Hearing in an important antitrust case, the US Department of Justice (DoJ) versus Google, started last week in the District of Columbia. This is one of several crucial cases targeting Big Tech’s business practices. The outcome could determine the future of Internet search and, by extension, the future of businesses riding on the current model. Google, owned by Alphabet Inc, is overwhelmingly and indisputably the dominant search engine across jurisdictions, across devices, operating systems, and browsers. Google claims this is because it is the best search engine. The DoJ’s claim is that Google acts in anti-competitive fashion by paying billions to companies such as Apple to ensure the search engine is bundled as the default option. Several US states are also parties to this lawsuit.
Google claims these payments don’t prevent consumers from painlessly switching from the default Google search engine to any of the other search engines available — such as Bing, Baidu, Yandex, and a dozen others. Google, moreover, claims these payments are to ensure it is the default option and this is analogous to a manufacturer paying Walmart or W H Smith to prominently display its products and that is considered a perfectly legal, legitimate practice. Everyone concerned is well aware that consumer inertia means very few people will bother to switch search engines. Search is foundational to Alphabet’s business model even though the company has its fingers in many other digital and tech pies. Search ads contributed $162 billion to 2023 revenues, and those were roughly 58 per cent of Google’s total revenues.

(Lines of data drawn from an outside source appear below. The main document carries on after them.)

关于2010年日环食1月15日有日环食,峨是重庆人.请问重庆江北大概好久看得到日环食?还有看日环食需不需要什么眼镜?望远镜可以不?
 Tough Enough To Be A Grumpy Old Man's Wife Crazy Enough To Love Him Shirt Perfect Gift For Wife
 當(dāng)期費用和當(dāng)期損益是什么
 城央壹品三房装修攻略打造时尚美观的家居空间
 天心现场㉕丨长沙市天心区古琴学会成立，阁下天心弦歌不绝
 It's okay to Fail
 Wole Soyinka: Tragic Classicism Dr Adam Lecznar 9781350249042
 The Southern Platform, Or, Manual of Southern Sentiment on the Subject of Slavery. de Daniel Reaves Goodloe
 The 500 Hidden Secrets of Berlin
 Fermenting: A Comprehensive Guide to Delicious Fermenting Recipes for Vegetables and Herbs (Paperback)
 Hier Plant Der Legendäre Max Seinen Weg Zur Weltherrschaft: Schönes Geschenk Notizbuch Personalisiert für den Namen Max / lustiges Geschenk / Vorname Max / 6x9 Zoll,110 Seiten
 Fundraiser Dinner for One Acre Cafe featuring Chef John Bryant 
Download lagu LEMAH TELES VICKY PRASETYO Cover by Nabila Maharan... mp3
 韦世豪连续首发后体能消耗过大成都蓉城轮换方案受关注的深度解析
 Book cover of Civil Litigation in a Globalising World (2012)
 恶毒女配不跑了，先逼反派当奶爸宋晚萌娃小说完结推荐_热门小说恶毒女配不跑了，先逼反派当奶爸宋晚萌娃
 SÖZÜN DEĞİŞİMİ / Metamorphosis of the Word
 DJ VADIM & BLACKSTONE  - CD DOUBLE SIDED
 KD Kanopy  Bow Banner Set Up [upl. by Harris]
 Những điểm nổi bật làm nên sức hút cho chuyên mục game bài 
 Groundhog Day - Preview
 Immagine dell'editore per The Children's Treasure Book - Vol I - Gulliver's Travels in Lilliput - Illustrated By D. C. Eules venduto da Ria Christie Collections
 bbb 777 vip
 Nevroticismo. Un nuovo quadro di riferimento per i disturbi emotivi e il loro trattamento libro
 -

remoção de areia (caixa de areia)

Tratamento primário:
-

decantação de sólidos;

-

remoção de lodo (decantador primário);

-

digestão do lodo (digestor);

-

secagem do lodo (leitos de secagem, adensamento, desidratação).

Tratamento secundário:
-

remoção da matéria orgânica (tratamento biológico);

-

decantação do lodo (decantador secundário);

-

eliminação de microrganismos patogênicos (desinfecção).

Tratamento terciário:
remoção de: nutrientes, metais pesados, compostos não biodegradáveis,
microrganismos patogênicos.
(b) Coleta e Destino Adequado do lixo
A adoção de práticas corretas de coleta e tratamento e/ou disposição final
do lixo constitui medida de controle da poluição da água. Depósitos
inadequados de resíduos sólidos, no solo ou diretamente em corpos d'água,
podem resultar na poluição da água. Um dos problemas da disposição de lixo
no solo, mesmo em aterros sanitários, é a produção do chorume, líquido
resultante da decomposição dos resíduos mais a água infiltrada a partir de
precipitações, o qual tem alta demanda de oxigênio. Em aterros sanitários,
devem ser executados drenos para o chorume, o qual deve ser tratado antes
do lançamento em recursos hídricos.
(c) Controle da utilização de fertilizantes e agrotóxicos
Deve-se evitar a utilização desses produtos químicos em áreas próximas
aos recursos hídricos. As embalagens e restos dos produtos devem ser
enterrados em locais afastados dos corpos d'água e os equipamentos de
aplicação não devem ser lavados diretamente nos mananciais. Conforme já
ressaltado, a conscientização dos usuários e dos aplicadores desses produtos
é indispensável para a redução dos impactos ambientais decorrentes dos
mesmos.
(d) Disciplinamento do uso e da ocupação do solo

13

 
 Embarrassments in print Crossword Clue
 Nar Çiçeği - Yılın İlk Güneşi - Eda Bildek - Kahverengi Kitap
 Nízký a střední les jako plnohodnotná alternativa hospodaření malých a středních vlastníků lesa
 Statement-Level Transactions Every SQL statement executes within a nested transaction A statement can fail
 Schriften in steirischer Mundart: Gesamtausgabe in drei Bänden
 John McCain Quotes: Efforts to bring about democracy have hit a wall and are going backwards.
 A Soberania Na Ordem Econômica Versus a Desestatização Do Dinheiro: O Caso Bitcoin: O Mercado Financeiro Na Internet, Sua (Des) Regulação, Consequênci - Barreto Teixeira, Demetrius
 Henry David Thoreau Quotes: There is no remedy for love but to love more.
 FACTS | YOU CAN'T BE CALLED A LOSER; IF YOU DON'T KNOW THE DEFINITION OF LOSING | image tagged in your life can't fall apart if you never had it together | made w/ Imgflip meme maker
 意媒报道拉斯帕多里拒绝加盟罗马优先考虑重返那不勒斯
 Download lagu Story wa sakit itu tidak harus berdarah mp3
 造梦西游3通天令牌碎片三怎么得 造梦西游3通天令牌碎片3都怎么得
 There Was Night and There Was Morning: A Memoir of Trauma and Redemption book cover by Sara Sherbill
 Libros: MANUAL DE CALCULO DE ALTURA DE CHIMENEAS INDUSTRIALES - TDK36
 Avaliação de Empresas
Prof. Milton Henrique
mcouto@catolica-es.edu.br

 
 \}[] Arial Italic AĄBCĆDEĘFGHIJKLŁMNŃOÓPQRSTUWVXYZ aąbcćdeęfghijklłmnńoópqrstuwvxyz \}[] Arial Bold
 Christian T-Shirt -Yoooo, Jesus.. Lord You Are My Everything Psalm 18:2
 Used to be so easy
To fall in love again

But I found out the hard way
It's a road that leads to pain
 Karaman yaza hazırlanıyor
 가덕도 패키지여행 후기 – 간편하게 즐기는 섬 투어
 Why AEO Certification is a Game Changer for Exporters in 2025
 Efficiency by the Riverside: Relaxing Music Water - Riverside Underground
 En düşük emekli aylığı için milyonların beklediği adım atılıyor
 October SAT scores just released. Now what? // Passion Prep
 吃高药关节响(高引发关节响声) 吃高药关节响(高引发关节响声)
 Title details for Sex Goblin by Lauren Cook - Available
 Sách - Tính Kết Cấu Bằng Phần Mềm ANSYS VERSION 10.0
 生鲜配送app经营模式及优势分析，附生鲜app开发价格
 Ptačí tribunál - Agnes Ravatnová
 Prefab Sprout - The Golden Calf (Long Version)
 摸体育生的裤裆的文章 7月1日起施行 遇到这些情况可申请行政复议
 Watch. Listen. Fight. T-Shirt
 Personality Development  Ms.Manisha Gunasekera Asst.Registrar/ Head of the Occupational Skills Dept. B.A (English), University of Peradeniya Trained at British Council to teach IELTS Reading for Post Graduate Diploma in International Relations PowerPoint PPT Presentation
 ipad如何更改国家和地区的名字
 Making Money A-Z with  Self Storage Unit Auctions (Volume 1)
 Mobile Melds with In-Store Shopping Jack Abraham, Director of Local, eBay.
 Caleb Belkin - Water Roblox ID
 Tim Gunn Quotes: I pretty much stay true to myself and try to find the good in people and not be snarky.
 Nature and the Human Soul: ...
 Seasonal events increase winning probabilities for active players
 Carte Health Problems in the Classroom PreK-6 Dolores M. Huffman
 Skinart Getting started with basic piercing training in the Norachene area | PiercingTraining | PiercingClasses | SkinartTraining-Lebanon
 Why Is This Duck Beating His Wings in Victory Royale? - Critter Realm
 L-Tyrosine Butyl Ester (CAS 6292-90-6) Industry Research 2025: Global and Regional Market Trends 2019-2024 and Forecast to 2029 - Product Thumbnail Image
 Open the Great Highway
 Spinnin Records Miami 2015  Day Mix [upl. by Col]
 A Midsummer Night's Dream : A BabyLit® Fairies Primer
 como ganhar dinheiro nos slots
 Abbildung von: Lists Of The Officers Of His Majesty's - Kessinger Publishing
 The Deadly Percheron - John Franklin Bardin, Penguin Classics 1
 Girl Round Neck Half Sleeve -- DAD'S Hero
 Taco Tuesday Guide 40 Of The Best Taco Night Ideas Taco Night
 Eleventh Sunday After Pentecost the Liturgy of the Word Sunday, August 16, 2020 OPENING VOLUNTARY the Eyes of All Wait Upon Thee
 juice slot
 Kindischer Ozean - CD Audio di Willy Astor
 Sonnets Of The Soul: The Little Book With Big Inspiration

YouTube ads and Google Network ads contributed another $62 billion in advertising revenues. Non-advertising services (cloud, hardware, apps, and content) contribute only around 20 per cent of the top line. Apart from the direct cash flow, Google’s algorithms can analyse the search data patterns to derive knowledge about users and their behaviour, and monetise those insights too.
There are other lawsuits with similar thrusts pending against Google and Meta. Those include a case by the DoJ and state attorneys general against Google over its ad tech business. The Federal Trade Commission too has a case against Meta over its acquisitions of Instagram and WhatsApp. The DoJ is said to be considering bringing a case against Amazon for its practices on its marketplace and its Prime service, and it is investigating Apple as well. One big problem is that US antitrust laws were written a century ago to curb monopolistic behaviour by big oil and automobile firms. Analogies with displays in retail stores are understandable but it is intuitively obvious there is a difference between a browser and the display shelves at Walmart. But translating intuition into an interpretation of “old economy” laws will be hard.
Monopolies stifle innovation. The dominant player may see no need to innovate. Aspirants lack the competitive leverage and resources. Consumers (who go on to use non-search services) and advertisers could be paying more than they would in a more competitive environment. The DoJ will have to show how default search settings limit options available to consumers and, perhaps, draw attention to how Google’s search results are dotted by content about its own non-search services potentially shutting out rivals. If the court is satisfied that this practice is monopolistic, it would have to decide what rectification is possible. This case may determine how antitrust laws apply to business practices on digital platforms now, and in future.